「暗闇に郵便局を光らせてみた。全国約2万3800局」
全国に設置された郵便局を光らせ、その分布状況を可視化した地図がSNS上で大きな話題になっている。
「離島・山間部にも満遍なく設置されていて、人の活動域が鮮明に。一つ一つの点に郵便物が集まり、やがて全国に散らばっていくと思うと、なにか深遠なものを見ているような気分になる。」
とその仕上がりについて語るのは、この地図の制作者にゃんこそば(@ShinagawaJP)さん。
そもそも郵便局は郵便サービスを全国に行き渡らせるための公共機関として設置された。
どんな離島、山奥にもくまなく郵便局が設置されているこの状況を実際に目にすると、そこにはたしかににゃんこそばさんが言うように人の営みの深遠さを感じる。
この地図はにゃんこそばさんが以前制作したコンビニエンスストアの分布地図と比較しても興味深い。
商業施設であるコンビニエンスストアは「商圏人口2000~2500人」が採算ラインとされ、都市部に集中する傾向にある。
結果、約5万件あるにもかかわらず郵便局に比べるとその分布には大きな偏りがあることが一目瞭然なのだ。
にゃんこそばさんの投稿に対し、SNSユーザー達からは
「中四国の万遍なさ、さすが郵便局ですね 山間地人口が一定居た証拠が明確です」
「某支社で郵便商品の需給調整してたとき、離島のゆうびんから無茶な依頼が来たんで、せめて日付ずらせないか聞いたら「もうすぐ台風がきて、船が欠航するかもしれないんです(泣)」って泣きつかれて、在庫かき集めてなんとか間に合わせたの思い出した」
「ぱっと見、新潟が県の規模からいって他より明るいのは、郵便の父、前島密かの出身地だからですかね」
「北海道が顕著だけど、しっかり海岸線を描いている辺り、漁村や港には郵便局があると言う事の証明かと」
「集落から郵便局が消えたら、いよいよ消滅する可能性が高まるとはよく言ったものですね」
「『必ずどこの地域にもある』郵便局の大事さよ…。今後どうなる…」
など数々のコメントが寄せられている。
にゃんこそばさんにお話を聞いた。
――郵便局の分布をテーマにマップを制作されようと思ったきっかけをお聞かせください。

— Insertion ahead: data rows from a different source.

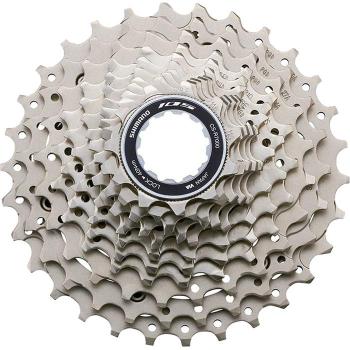 Shimano 105 R7000 11-32 fogaskoszorú 1.Kép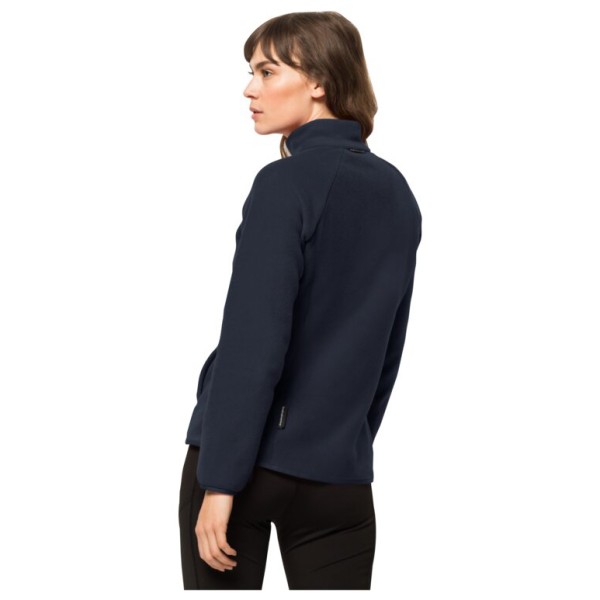 Jack Wolfskin - Women's Moonrise 3-in-1 Jacket - Doppeljacke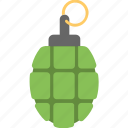 fragmentation grenade, grenade, hand grenade, war weapon, weapon grenade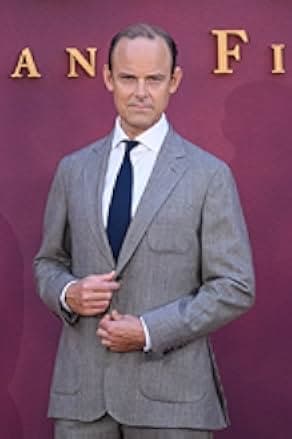 Downton Abbey: The Grand Finale 2025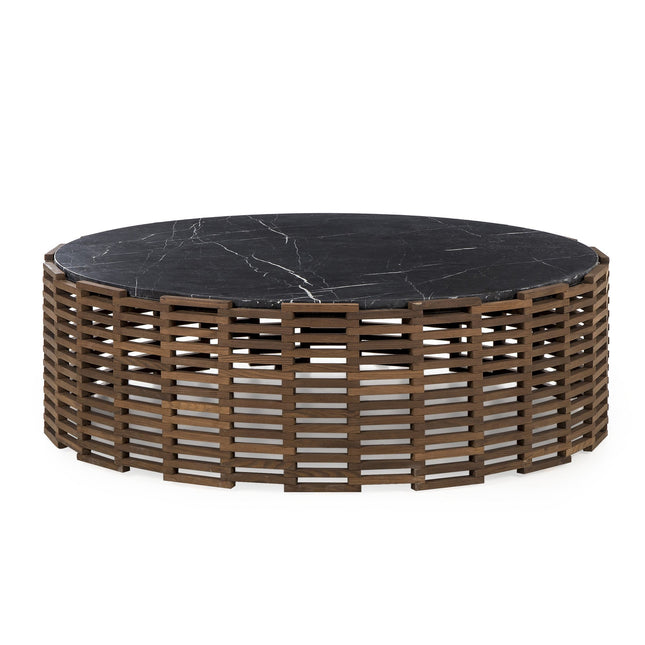 maylin-coffee-table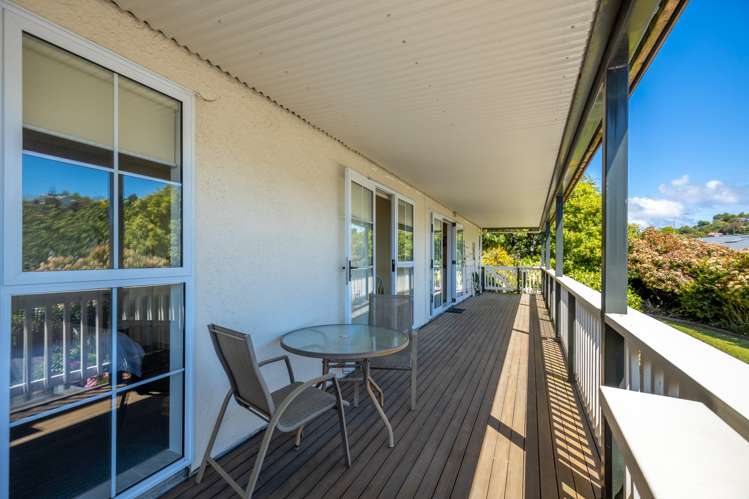 17 South Street Nelson City_13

にゃんこそば:フィンランド在住の地図職人、Topi Tjukanovさん(@tjukanov)の主催で、毎年11月に「#30DayMapChallenge」という地図作成祭りが開かれています。初日のテーマが「Points(点)」だったのですが「点だけで日本列島の形を表せるかな?」と考えていたところ、ふと思いついて郵便局の分布図を作成してみました。
――制作を経てお感じになられたこと、気付かれたことなどお聞かせください。
にゃんこそば:これまでにもコンビニや100均などの分布図を作成したことがありますが、離島や農林漁村がここまではっきり描かれたのは初めてで驚きました。「人の住むところに郵便局あり」とも言われますが、今回改めてその言葉の意味を実感しました。
――これまでのSNSの反響へのご感想をお聞かせください。
にゃんこそば:ここまでの反響を頂くとは思わず、とても驚きました。郵便局の他にも「これで日本地図を描けそう!」というネタがあれば、お寄せ頂けると嬉しいです。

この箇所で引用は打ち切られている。